4. How Groups Are Configured

  • 1-2-All or 1-All in rapid cycles for each step below

5. Sequence of Steps and Time Allocation

  • Determine the composition of a design team that includes all relevant stakeholders and assemble the team (the composition can be adjusted ad hoc over time as the work progresses). 1 to 3 hrs.
  • Design team clarifies the overall purpose of the initiative (use Nine Whys or a more elaborate microstructure as needed). 1 to 6 hrs.
  • Describe in detail what happens when people use the current product, service, or approach that you wish to transform/improve. You may need to use a method like the Liberating Structure called Simple Ethnography to gather data for an accurate description of this current user experience. 6 hrs. to days or weeks.
  • Based on the users’ experience, assess how the current product, service, or approach succeeds and fails in achieving the stated purpose. 3 hrs. to days.
  • Reexamine and strengthen the purpose statement if needed. 1 to 6 hrs.
  • Reexamine and decide who needs to participate in the core design group and who needs to participate on the periphery to help with vetting or field testing. 1 to 3 hrs.
  • Brainstorm and outline alternative microstructures (both conventional and Liberating Structures) that help achieve the purpose. 3 hrs. to days.
  • Break up your outline into steps or chunks that can be designed and function independently (don’t try to put together a comprehensive design from the start). 1 to 6 hrs.
  • Determine a design for one step, selecting microstructures that are suited to achieving the purpose; choose one plus a backup. Repeat and continue with each step. 1 to 6 hrs.
  • Decide whether any testing or vetting of your design is feasible or desirable.

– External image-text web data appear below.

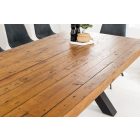 Stílusos étkezőasztal Thunder X 300 cm fenyő 8 cm asztallappal vintage barna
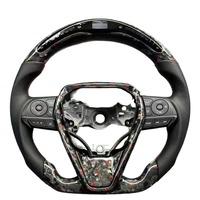Volant sport LED Barmich à 3 branches de 35 mm en cuir et fibre de carbone pour Camry (Modèle YT-T-Camry-D2)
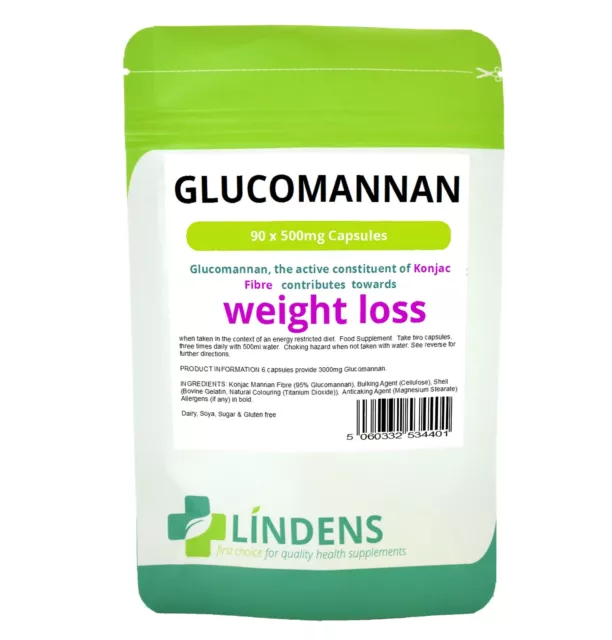 Lindens Glucomannan Konjac Fibre 90 Capsules Pills 500mg Weight Cholesterol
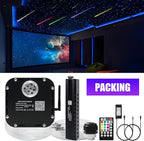 AZIMOM High Brightness 50W Twinkle Fiber Optic Starlight Kits1000pcs*0.03in*16.4ft Fiber Strands, RGB Meteor Shooting Star Sound Activated APP/Remote Control Theater Ceiling Home Shop Roof Decor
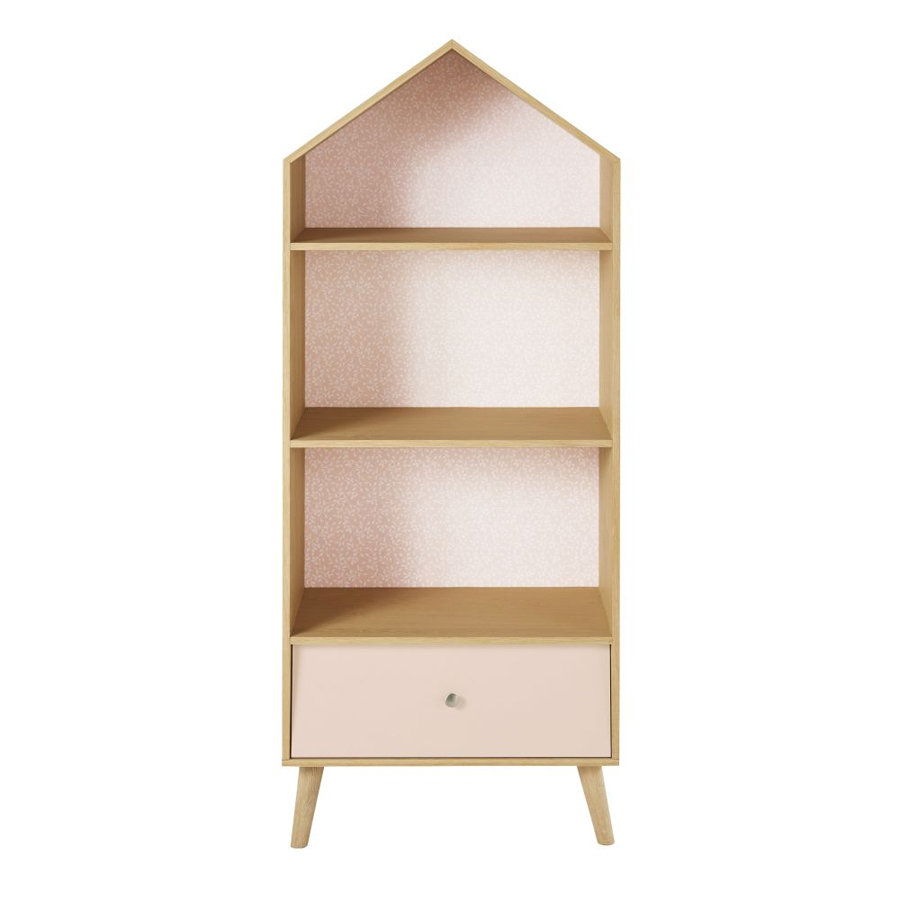 Bibliothèque maison enfant Bucolique rose et blanche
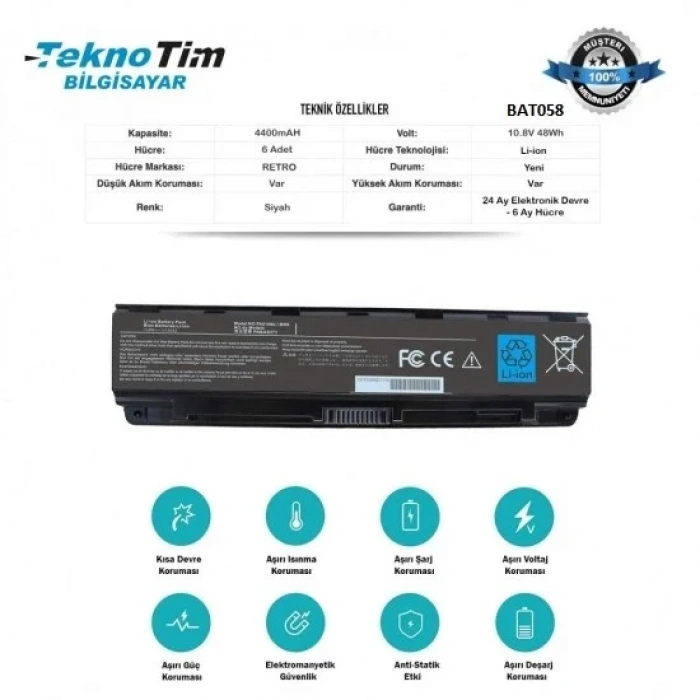 Toshiba Satellite c55d-A-103, c55d-A-13u, c55d-A-14k Batarya Pil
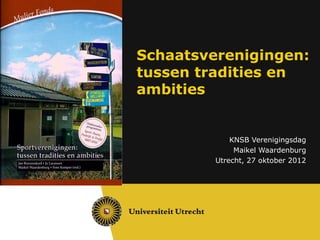 Schaatsverenigingen:
tussen tradities en
ambities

Consider testing in waves and in different configurations. 1 to 6 hrs.
  • Implement the first step in a simulated or field setting. Continue testing in more extreme conditions.
  • Evaluate the first and then the subsequent steps of your design.
  • Repeat design cycle and refine the design for the next step, and so on…

WHY? Purposes

  • Make a significant and enduring advance by breaking away from current reality
  • Provide enough time for new behaviors to take shape and spread, expanding what others believe is possible to accomplish
  • See additional Purposes under Design StoryBoards–Basic above.

Tips and Traps

  • Resist the urge for action and do not skimp on time spent designing the storyboard then assessing and adjusting it
  • Establish a core design team and keep the door open to others that want to join in
  • Don’t forget to include users!
  • Share the design widely
  • Remember that a design makes it possible to improvise as you go: if one element of your design is not achieving its purpose, go to your backup (or a backup of your backup)
  • Shoot for the moon with your feet firmly on the ground (i.e., anchored in user’s experience research)
  • Use icons and sketches to quickly develop shared understanding

Riffs and Variations

  • In place of focus groups with users, invite the users to participate in designing a storyboard to improve their experience with a product or service
  • Find an illustrator or cartoonist to dramatize your work

Examples

  • For redesigning the exchange of information and responsibilities at shift change
  • For transforming from a product-centric to a customer-focused market strategy
  • For reforming how academic training prepares students for practice in the field
  • Read “Turning a Business Around” in Part Three: Stories from the Field. Alison Joslyn’s management team used Design StoryBoard to formulate strategy discussions and launch Liberating Structures “basic training” for product managers and sales reps.
  • See examples in Chapter 7, “From Strings to Storyboards”

Attribution: Liberating Structure developed by Henri Lipmanowicz and Keith McCandless.